--- Information provided ---
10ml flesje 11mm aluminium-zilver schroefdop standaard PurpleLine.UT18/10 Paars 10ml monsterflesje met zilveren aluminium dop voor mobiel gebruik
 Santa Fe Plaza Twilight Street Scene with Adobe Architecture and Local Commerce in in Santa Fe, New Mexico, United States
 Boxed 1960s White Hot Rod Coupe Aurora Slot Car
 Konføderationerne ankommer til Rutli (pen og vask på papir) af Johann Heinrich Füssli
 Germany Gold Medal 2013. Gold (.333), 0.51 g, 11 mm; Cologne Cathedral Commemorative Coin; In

--- Your task ---
Your task is to reproduce all the material exactly as it stands.

--- Response ---
10ml flesje 11mm aluminium-zilver schroefdop standaard PurpleLine.UT18/10 Paars 10ml monsterflesje met zilveren aluminium dop voor mobiel gebruik
 Santa Fe Plaza Twilight Street Scene with Adobe Architecture and Local Commerce in in Santa Fe, New Mexico, United States
 Boxed 1960s White Hot Rod Coupe Aurora Slot Car
 Konføderationerne ankommer til Rutli (pen og vask på papir) af Johann Heinrich Füssli
 Germany Gold Medal 2013. Gold (.333), 0.51 g, 11 mm; Cologne Cathedral Commemorative Coin; In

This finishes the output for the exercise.